§ Your objective
Return every line of the material exactly.

§ Extracted entries

···

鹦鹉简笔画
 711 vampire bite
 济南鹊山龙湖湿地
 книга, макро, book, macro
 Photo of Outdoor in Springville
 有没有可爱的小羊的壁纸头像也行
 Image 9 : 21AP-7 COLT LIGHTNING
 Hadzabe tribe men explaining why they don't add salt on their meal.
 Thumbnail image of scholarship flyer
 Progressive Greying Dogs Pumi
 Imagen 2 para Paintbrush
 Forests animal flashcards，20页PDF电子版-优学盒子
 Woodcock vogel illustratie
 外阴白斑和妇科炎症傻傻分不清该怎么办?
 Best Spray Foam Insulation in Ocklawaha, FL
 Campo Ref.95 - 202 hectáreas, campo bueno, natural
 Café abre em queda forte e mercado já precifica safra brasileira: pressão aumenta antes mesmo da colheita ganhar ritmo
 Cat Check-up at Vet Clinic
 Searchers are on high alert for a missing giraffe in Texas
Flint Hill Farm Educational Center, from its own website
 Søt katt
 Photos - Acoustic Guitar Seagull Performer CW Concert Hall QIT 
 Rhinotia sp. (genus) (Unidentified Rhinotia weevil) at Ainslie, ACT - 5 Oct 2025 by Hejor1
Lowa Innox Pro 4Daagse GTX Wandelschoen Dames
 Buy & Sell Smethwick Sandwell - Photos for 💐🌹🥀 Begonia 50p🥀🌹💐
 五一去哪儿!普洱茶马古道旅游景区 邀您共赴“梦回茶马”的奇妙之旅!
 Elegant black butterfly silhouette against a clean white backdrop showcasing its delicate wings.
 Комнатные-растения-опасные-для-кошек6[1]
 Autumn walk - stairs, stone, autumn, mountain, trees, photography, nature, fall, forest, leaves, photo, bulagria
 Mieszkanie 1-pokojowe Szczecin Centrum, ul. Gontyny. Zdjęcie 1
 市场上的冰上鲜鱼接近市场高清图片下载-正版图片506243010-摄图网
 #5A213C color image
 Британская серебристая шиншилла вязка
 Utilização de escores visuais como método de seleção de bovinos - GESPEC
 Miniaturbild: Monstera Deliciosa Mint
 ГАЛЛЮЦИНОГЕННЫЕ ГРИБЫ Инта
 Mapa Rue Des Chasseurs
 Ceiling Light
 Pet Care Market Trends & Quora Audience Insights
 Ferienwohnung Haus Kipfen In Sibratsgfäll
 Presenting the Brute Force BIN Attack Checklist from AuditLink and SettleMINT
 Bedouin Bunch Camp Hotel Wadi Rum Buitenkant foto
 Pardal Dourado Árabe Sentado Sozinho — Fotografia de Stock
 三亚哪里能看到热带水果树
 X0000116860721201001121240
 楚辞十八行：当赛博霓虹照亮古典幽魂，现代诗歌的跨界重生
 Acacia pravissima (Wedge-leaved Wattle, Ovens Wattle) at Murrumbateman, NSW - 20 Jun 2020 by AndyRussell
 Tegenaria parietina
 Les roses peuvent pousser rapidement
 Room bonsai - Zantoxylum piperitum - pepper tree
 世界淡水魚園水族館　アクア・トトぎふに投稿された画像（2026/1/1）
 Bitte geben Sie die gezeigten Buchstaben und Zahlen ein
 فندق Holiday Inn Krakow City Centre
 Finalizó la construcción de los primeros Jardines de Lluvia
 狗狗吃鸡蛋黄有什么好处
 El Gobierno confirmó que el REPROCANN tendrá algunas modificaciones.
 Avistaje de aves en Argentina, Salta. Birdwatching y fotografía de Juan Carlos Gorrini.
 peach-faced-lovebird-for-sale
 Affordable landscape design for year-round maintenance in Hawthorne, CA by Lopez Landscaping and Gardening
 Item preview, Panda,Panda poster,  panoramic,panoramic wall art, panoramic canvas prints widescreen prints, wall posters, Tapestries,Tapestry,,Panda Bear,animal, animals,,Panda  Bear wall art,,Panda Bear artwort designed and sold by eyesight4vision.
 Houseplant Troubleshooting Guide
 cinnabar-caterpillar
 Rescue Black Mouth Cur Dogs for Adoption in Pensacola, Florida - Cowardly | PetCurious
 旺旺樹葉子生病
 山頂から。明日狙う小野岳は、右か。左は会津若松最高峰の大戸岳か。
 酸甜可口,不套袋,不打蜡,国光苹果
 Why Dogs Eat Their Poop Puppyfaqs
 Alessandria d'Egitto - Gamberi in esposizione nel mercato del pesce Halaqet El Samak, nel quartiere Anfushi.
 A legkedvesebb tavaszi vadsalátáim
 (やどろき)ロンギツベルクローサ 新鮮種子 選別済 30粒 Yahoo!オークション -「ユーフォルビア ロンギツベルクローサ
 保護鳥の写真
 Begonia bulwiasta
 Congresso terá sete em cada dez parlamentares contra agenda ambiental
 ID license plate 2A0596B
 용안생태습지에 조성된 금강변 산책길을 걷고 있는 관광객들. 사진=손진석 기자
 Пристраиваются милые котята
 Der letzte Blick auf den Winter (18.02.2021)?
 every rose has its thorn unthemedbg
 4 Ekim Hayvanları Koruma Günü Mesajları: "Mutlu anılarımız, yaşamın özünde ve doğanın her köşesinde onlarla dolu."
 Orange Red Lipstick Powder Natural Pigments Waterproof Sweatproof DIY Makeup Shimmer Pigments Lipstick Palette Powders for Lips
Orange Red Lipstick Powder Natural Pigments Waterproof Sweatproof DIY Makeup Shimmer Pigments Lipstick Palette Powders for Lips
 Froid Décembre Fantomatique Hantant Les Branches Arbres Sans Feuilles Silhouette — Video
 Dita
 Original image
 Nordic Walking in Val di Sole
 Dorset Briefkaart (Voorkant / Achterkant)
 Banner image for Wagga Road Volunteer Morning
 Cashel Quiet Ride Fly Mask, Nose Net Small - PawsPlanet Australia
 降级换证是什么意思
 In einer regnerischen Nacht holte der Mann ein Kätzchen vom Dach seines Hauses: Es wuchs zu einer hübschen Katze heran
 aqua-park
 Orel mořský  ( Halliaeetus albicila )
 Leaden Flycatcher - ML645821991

···

§ Task answer
鹦鹉简笔画
 711 vampire bite
 济南鹊山龙湖湿地
 книга, макро, book, macro
 Photo of Outdoor in Springville
 有没有可爱的小羊的壁纸头像也行
 Image 9 : 21AP-7 COLT LIGHTNING
 Hadzabe tribe men explaining why they don't add salt on their meal.
 Thumbnail image of scholarship flyer
 Progressive Greying Dogs Pumi
 Imagen 2 para Paintbrush
 Forests animal flashcards，20页PDF电子版-优学盒子
 Woodcock vogel illustratie
 外阴白斑和妇科炎症傻傻分不清该怎么办?
 Best Spray Foam Insulation in Ocklawaha, FL
 Campo Ref.95 - 202 hectáreas, campo bueno, natural
 Café abre em queda forte e mercado já precifica safra brasileira: pressão aumenta antes mesmo da colheita ganhar ritmo
 Cat Check-up at Vet Clinic
 Searchers are on high alert for a missing giraffe in Texas
Flint Hill Farm Educational Center, from its own website
 Søt katt
 Photos - Acoustic Guitar Seagull Performer CW Concert Hall QIT 
 Rhinotia sp. (genus) (Unidentified Rhinotia weevil) at Ainslie, ACT - 5 Oct 2025 by Hejor1
Lowa Innox Pro 4Daagse GTX Wandelschoen Dames
 Buy & Sell Smethwick Sandwell - Photos for 💐🌹🥀 Begonia 50p🥀🌹💐
 五一去哪儿!普洱茶马古道旅游景区 邀您共赴“梦回茶马”的奇妙之旅!
 Elegant black butterfly silhouette against a clean white backdrop showcasing its delicate wings.
 Комнатные-растения-опасные-для-кошек6[1]
 Autumn walk - stairs, stone, autumn, mountain, trees, photography, nature, fall, forest, leaves, photo, bulagria
 Mieszkanie 1-pokojowe Szczecin Centrum, ul. Gontyny. Zdjęcie 1
 市场上的冰上鲜鱼接近市场高清图片下载-正版图片506243010-摄图网
 #5A213C color image
 Британская серебристая шиншилла вязка
 Utilização de escores visuais como método de seleção de bovinos - GESPEC
 Miniaturbild: Monstera Deliciosa Mint
 ГАЛЛЮЦИНОГЕННЫЕ ГРИБЫ Инта
 Mapa Rue Des Chasseurs
 Ceiling Light
 Pet Care Market Trends & Quora Audience Insights
 Ferienwohnung Haus Kipfen In Sibratsgfäll
 Presenting the Brute Force BIN Attack Checklist from AuditLink and SettleMINT
 Bedouin Bunch Camp Hotel Wadi Rum Buitenkant foto
 Pardal Dourado Árabe Sentado Sozinho — Fotografia de Stock
 三亚哪里能看到热带水果树
 X0000116860721201001121240
 楚辞十八行：当赛博霓虹照亮古典幽魂，现代诗歌的跨界重生
 Acacia pravissima (Wedge-leaved Wattle, Ovens Wattle) at Murrumbateman, NSW - 20 Jun 2020 by AndyRussell
 Tegenaria parietina
 Les roses peuvent pousser rapidement
 Room bonsai - Zantoxylum piperitum - pepper tree
 世界淡水魚園水族館　アクア・トトぎふに投稿された画像（2026/1/1）
 Bitte geben Sie die gezeigten Buchstaben und Zahlen ein
 فندق Holiday Inn Krakow City Centre
 Finalizó la construcción de los primeros Jardines de Lluvia
 狗狗吃鸡蛋黄有什么好处
 El Gobierno confirmó que el REPROCANN tendrá algunas modificaciones.
 Avistaje de aves en Argentina, Salta. Birdwatching y fotografía de Juan Carlos Gorrini.
 peach-faced-lovebird-for-sale
 Affordable landscape design for year-round maintenance in Hawthorne, CA by Lopez Landscaping and Gardening
 Item preview, Panda,Panda poster,  panoramic,panoramic wall art, panoramic canvas prints widescreen prints, wall posters, Tapestries,Tapestry,,Panda Bear,animal, animals,,Panda  Bear wall art,,Panda Bear artwort designed and sold by eyesight4vision.
 Houseplant Troubleshooting Guide
 cinnabar-caterpillar
 Rescue Black Mouth Cur Dogs for Adoption in Pensacola, Florida - Cowardly | PetCurious
 旺旺樹葉子生病
 山頂から。明日狙う小野岳は、右か。左は会津若松最高峰の大戸岳か。
 酸甜可口,不套袋,不打蜡,国光苹果
 Why Dogs Eat Their Poop Puppyfaqs
 Alessandria d'Egitto - Gamberi in esposizione nel mercato del pesce Halaqet El Samak, nel quartiere Anfushi.
 A legkedvesebb tavaszi vadsalátáim
 (やどろき)ロンギツベルクローサ 新鮮種子 選別済 30粒 Yahoo!オークション -「ユーフォルビア ロンギツベルクローサ
 保護鳥の写真
 Begonia bulwiasta
 Congresso terá sete em cada dez parlamentares contra agenda ambiental
 ID license plate 2A0596B
 용안생태습지에 조성된 금강변 산책길을 걷고 있는 관광객들. 사진=손진석 기자
 Пристраиваются милые котята
 Der letzte Blick auf den Winter (18.02.2021)?
 every rose has its thorn unthemedbg
 4 Ekim Hayvanları Koruma Günü Mesajları: "Mutlu anılarımız, yaşamın özünde ve doğanın her köşesinde onlarla dolu."
 Orange Red Lipstick Powder Natural Pigments Waterproof Sweatproof DIY Makeup Shimmer Pigments Lipstick Palette Powders for Lips
Orange Red Lipstick Powder Natural Pigments Waterproof Sweatproof DIY Makeup Shimmer Pigments Lipstick Palette Powders for Lips
 Froid Décembre Fantomatique Hantant Les Branches Arbres Sans Feuilles Silhouette — Video
 Dita
 Original image
 Nordic Walking in Val di Sole
 Dorset Briefkaart (Voorkant / Achterkant)
 Banner image for Wagga Road Volunteer Morning
 Cashel Quiet Ride Fly Mask, Nose Net Small - PawsPlanet Australia
 降级换证是什么意思
 In einer regnerischen Nacht holte der Mann ein Kätzchen vom Dach seines Hauses: Es wuchs zu einer hübschen Katze heran
 aqua-park
 Orel mořský  ( Halliaeetus albicila )
 Leaden Flycatcher - ML645821991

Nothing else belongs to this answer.